This dataset contains all shot attempts from the 2023 NHL playoffs, courtesy of MoneyPuck.com.

Each row in the dataset corresponds to a shot attempt and the columns are:

  • shooterPlayerId: player id of the skater taking the shot
  • shooterName: first and Last name of the player taking the shot
  • team: team taking the shot
  • shooterLeftRight: whether the shooter is a left or right shot
  • shooterTimeOnIce: playing time in seconds that have passed since the shooter started their shift
  • shooterTimeOnIceSinceFaceoff: minimum of the playing time in seconds since the last faceoff and the playing time that has passed since the shooter started their shift
  • event: whether the shot was a shot on goal (SHOT), goal, (GOAL), or missed the net (MISS)
  • location: the zone the shot took place in
  • shotType: type of shot
  • shotAngle: angle of the shot in degrees, positive if the shot is from the left side of the ice.
  • shotAnglePlusRebound: difference in angle between the previous shot and this shot if this shot is a rebound, is otherwise set to 0
  • shotDistance: distance from the net of the shot in feet, net is defined as being at the (89,0) coordinates
  • shotOnEmptyNet: whether the shot was on an empty net
  • shotRebound: whether the shot is a rebound, i.e., if the last event was a shot and within 3 seconds of this shot
  • shotRush: whether the shot was on a rush, i.e., ff the last event was in another zone and within 4 seconds
  • shotWasOnGoal: whether the shot was on net - either a goal or a goalie save
  • shotGeneratedRebound: whether the shot generated a rebound shot within 3 seconds of the this shot
  • shotGoalieFroze: whether the goalie froze the puck within 1 second of the shot
  • arenaAdjustedShotDistance: shot distance adjusted for arena recording bias - uses the same methodology as War On Ice proposed by Schuckers and Curro
  • arenaAdjustedXCord: x coordinate of the arena adjusted shot location, always a positive number
  • arenaAdjustedYCord: y coordinate of the arena adjusted shot location
  • goalieIdForShot: player id for the goalie the shot is on
  • goalieNameForShot: first and Last name of the goalie the shot is on
  • teamCode: team code of the shooting team
  • isHomeTeam: whether the shooting team is the home team
  • homeSkatersOnIce: number of skaters on ice for the home team (does not count the goalie)
  • awaySkatersOnIce: number of skaters on ice for the away team (does not count the goalie)
  • game_id: game id of the game the shot took place in
  • homeTeamCode: home team in the game
  • awayTeamCode: away team in the game
  • homeTeamGoals: home team goals before the shot took place
  • awayTeamGoals: away team goals before the shot took place
  • time: seconds into the game of the shot
  • period: period of the game

Note that a full glossary of the features available for NHL shot data can be found here.

Starter code

library(tidyverse)
nhl_shots <- read_csv("https://raw.githubusercontent.com/36-SURE/36-SURE.github.io/main/data/nhl_shots.csv")

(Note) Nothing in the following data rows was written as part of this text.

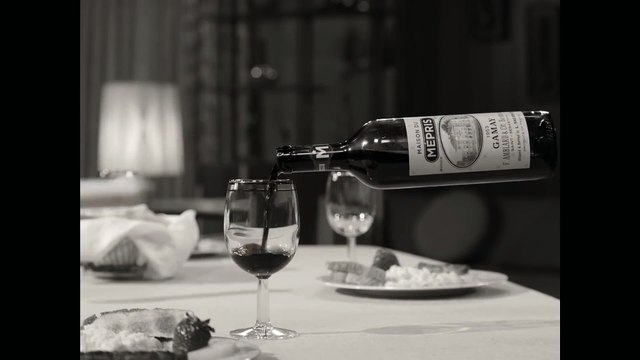 Bande-annonce de WandaVision / Elizabeth Olsen saoulée par les fonds verts dans les films Marvel ?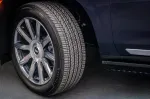 Cadillac Escalade image 35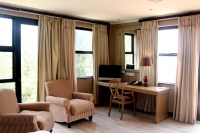  Vacation Hub International | Sandton Lodge Room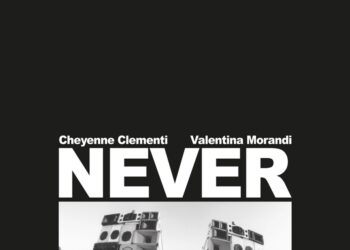 La storia e il periodo d’oro dei rave party in 160 fotografie dal 1997 al 2004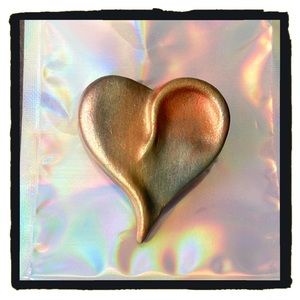 💕Beautiful Artisan Heart Pin💕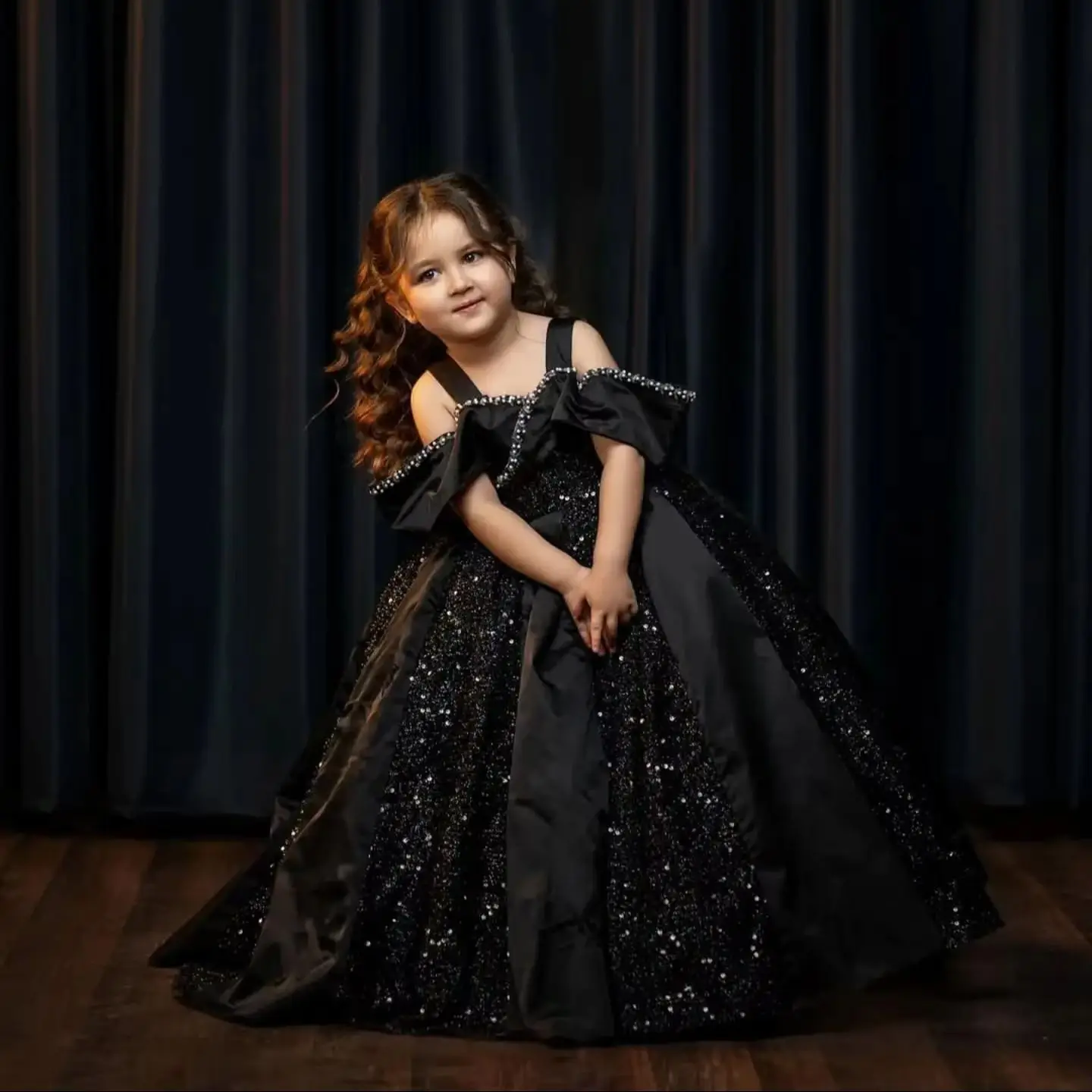 Customized Black Flower Girl Dress for Wedding Satin Sequins Shiny Kids Birthday Party First Communion Ball Gowns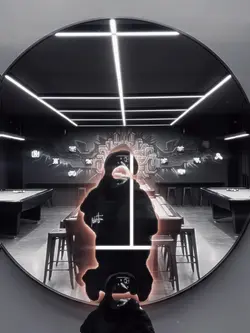Selfie tech: atmosfera misteriosa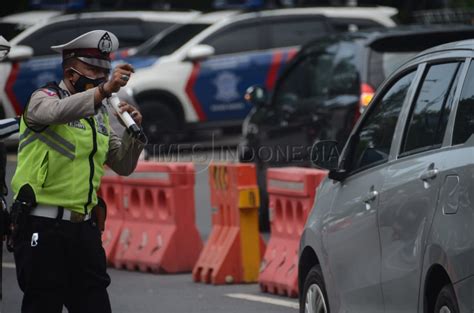 Korlantas Polri Cek Kesiapan Pos Penyekatan Di Cek Point Batas Kota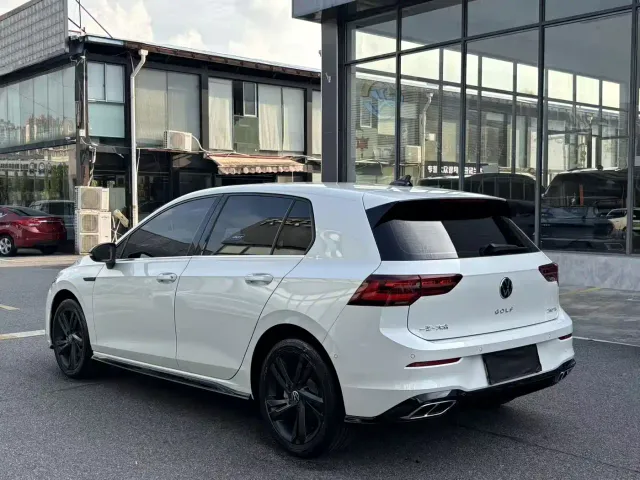 Volkswagen Golf — Фото автомобиля 13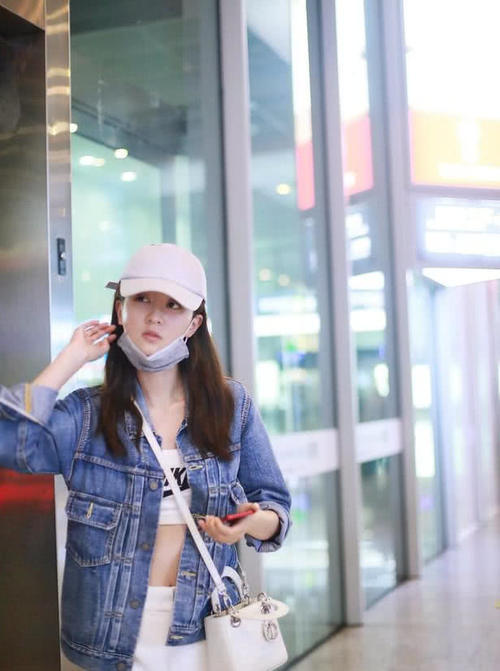 乔欣的穿衣风格直接变了，清纯不再，网友：穿个抹胸就出门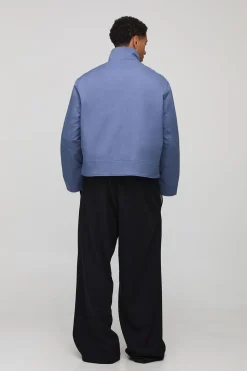 Mac oversize à la coupe carrée, doté d'un col et d'une fermeture éclair quarter zip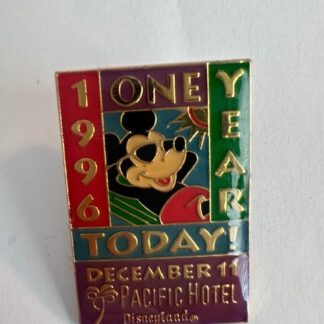 Disney Pin - Disneyland Pacific Hotel One Year Today Mickey 1st Anniversary (C0)
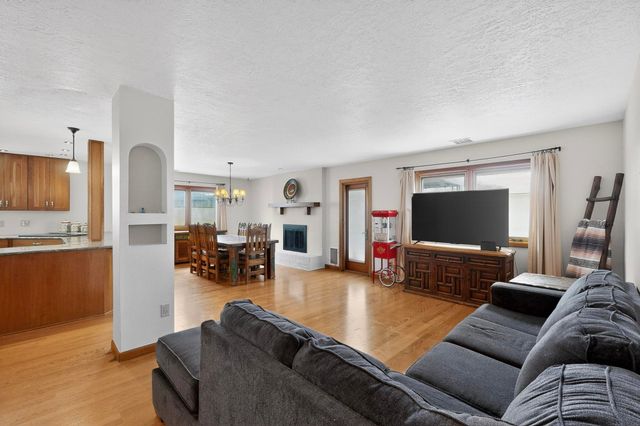 5341 Revi Don Drive NE, Albuquerque, NM 87111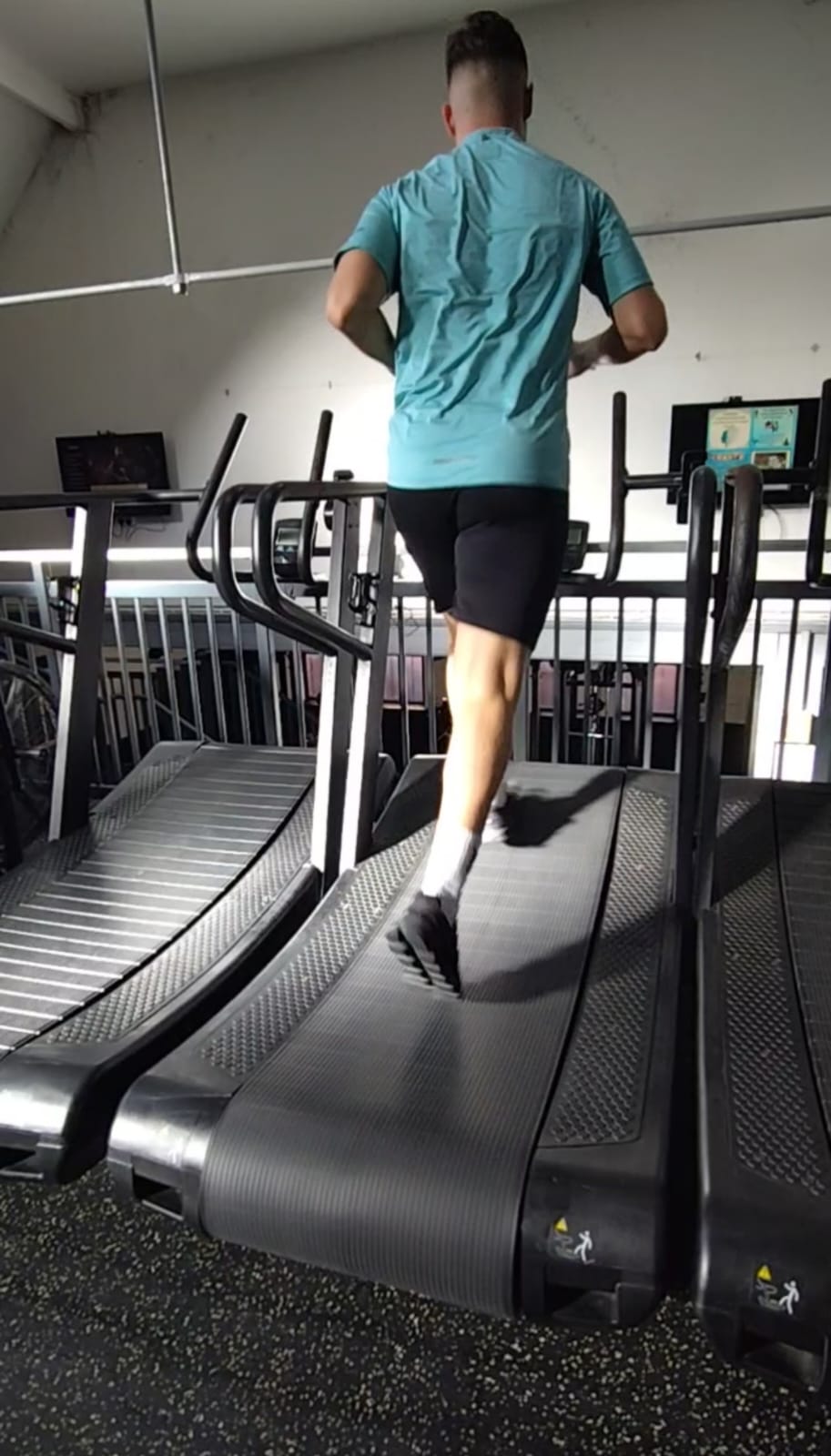 Sports rehabilitation treadmill running analysis improving gait biomechanics and performance Physiotherapy assessment evaluating running mechanics lower limb stability and movement efficiency Injury rehabilitation training enhancing stride control coordination and functional recovery Athlete conditioning exercise supporting cardiovascular fitness mobility and musculoskeletal strength Gait analysis improving biomechanics injury prevention and return to sport performance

In case you’re curious, the code to build this dataset can be found below. (Note that the data were originally downloaded from the MoneyPuck site.)

# download and unzip
# https://peter-tanner.com/moneypuck/downloads/shots_2022.zip
nhl_shots <- read_csv("shots_2022.csv") # might need to modify file path

nhl_shots <- nhl_shots |> 
  filter(isPlayoffGame == 1) |> 
  select(# shooter info
         shooterPlayerId, shooterName, team, shooterLeftRight, 
         shooterTimeOnIce, shooterTimeOnIceSinceFaceoff,
         # shot info
         event, location, shotType, shotAngle, shotAnglePlusRebound, 
         shotDistance, shotOnEmptyNet, shotRebound, shotRush, 
         shotWasOnGoal, shotGeneratedRebound, shotGoalieFroze,
         # arena-adjusted locations
         arenaAdjustedShotDistance, arenaAdjustedXCord, arenaAdjustedYCord,
         # goalie info
         goalieIdForShot, goalieNameForShot,
         # team context
         teamCode, isHomeTeam, homeSkatersOnIce, awaySkatersOnIce,
         # game context
         game_id, homeTeamCode, awayTeamCode, homeTeamGoals, awayTeamGoals,
         time, period)